As SBF's three-hour series of interviews with The Times was coming to an end, he suggested that it might be time for the industry to withdraw its most extreme products, such as derivatives trading with leverage of up to 125 times.

"It's easier to get rid of it than to keep talking about it," SBF proposed a possible 10 times leverage limit, adding that it was mainly to counter the perception that the industry encourages risky bets. He believes this is unfair.

Binance and FTX also look forward to ensuring a space recognized in the U.S. market. Over the past two years, they have opened U.S. platforms that do not offer derivatives but focus on actual cryptocurrency buying and selling.

FTX recently also purchased the naming rights to the Miami Heat arena and placed its company logo on patches worn by Major League Baseball umpires, as it is committed to building visibility here.
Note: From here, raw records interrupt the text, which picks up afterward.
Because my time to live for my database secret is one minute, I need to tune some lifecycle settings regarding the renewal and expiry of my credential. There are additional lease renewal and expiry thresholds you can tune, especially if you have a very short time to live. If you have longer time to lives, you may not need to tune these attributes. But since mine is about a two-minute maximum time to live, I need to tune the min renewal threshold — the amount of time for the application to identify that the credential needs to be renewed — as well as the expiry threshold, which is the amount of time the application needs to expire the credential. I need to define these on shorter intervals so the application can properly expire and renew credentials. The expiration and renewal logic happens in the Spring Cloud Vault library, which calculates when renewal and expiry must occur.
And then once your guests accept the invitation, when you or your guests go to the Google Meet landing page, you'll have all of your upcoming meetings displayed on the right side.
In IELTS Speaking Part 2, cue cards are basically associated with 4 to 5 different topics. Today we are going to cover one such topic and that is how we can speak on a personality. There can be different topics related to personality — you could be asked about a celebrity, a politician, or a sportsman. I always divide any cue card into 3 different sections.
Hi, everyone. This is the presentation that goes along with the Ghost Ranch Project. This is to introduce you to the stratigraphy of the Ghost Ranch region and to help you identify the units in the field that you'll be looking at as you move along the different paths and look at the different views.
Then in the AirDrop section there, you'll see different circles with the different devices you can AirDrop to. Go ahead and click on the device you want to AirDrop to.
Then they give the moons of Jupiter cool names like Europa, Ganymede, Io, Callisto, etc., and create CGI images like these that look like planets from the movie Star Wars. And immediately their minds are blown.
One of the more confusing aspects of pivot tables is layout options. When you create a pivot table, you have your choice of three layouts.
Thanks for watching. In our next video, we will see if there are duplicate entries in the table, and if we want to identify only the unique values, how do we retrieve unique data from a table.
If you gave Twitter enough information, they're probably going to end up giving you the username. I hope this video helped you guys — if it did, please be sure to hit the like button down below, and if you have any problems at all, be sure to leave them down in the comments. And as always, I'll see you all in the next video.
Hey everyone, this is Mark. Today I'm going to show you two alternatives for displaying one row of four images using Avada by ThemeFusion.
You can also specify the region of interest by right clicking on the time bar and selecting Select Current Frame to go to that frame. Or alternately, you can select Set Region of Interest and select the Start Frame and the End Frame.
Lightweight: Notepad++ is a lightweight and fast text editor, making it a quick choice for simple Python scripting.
SBF, through a $5.6 million donation, was also one of the largest donors to help President Biden's campaign last year—though he stated in interviews that this was unrelated to his business.

Currently, the profits generated by these U.S. operations are minimal compared to their overseas counterparts. However, they do comply with U.S. regulations. This does make a difference.

"This is a less exciting product," SBF said.